>>>>

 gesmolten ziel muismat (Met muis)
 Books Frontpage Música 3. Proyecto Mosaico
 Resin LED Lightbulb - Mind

<<<<
>>>>

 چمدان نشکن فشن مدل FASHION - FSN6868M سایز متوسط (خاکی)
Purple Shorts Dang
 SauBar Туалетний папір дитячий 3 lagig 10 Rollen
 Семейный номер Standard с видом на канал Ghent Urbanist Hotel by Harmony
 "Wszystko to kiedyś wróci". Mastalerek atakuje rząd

<<<<

■ TASK ITEM ■
Please reproduce, exactly as they appear above, the lines from the line containing "Books Frontpage Música 3. Proyecto Mosaico" up to and including the line containing "Resin LED Lightbulb - Mind".

■ THE ANSWER ■
 Books Frontpage Música 3. Proyecto Mosaico
 Resin LED Lightbulb - Mind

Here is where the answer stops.